● **Data section**
══════════
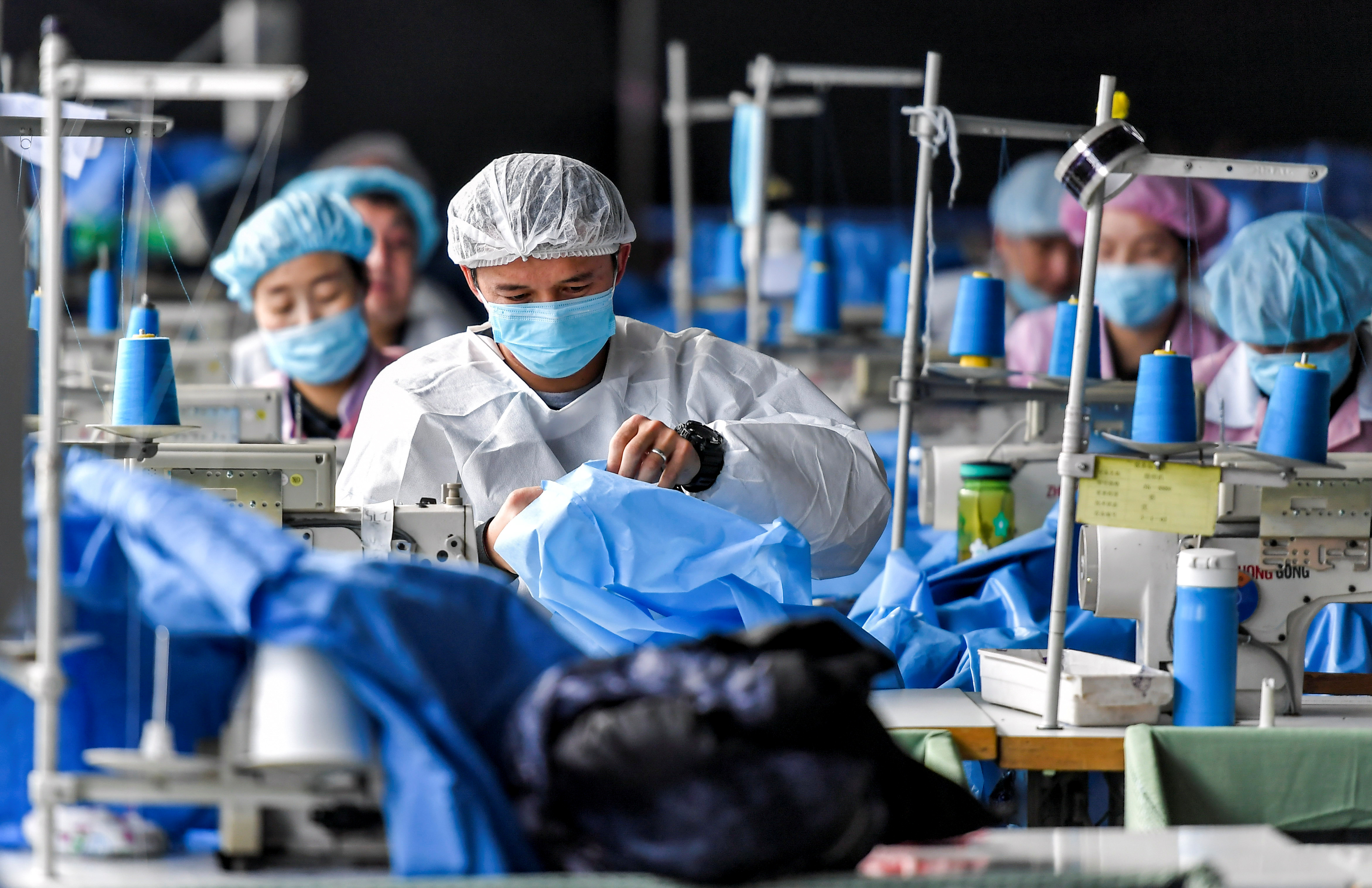 Trabajadores fabrican trajes de protección en una fábrica de equipos médicos en Urumqi, Región Autónoma Uigur de Xinjiang, China. Foto tomada el 27 de enero de 2020 (REUTERS)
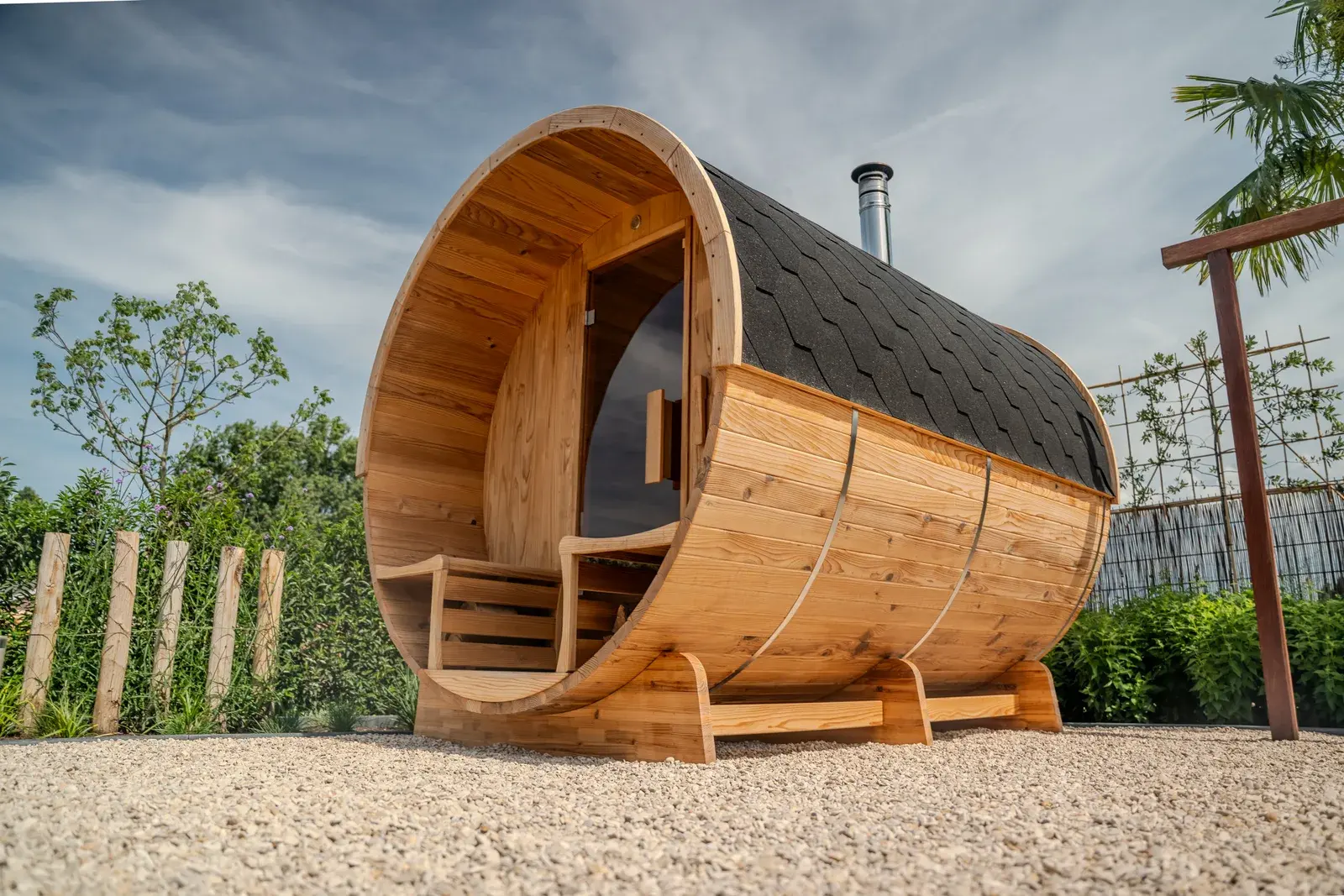 Side view of a barrel sauna with a black roof in a garden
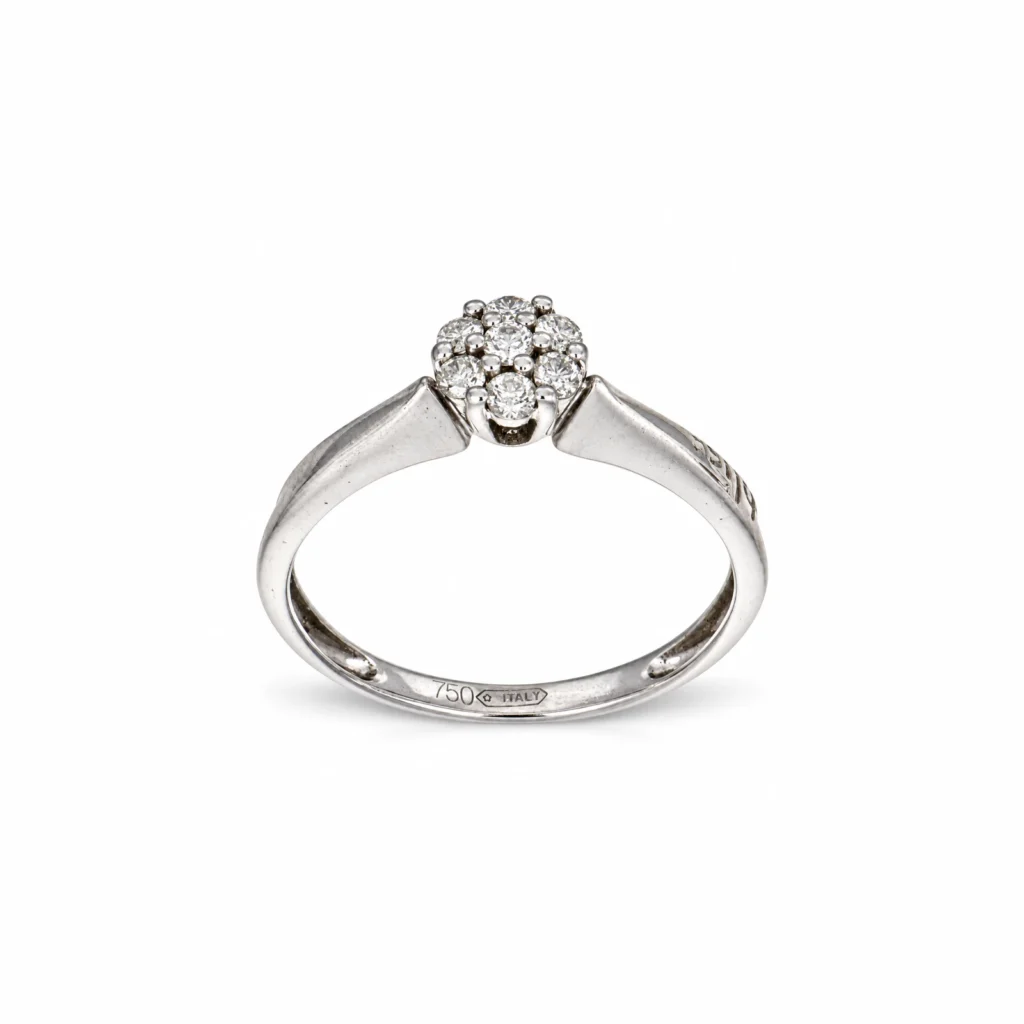 Anello Magic in oro bianco 18 kt con sette diamanti disposti a fiore al centro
══════════
The material above is to be repeated word for word, with no images kept.

● **Exercise solution**
 Trabajadores fabrican trajes de protección en una fábrica de equipos médicos en Urumqi, Región Autónoma Uigur de Xinjiang, China. Foto tomada el 27 de enero de 2020 (REUTERS)
 Side view of a barrel sauna with a black roof in a garden
 Anello Magic in oro bianco 18 kt con sette diamanti disposti a fiore al centro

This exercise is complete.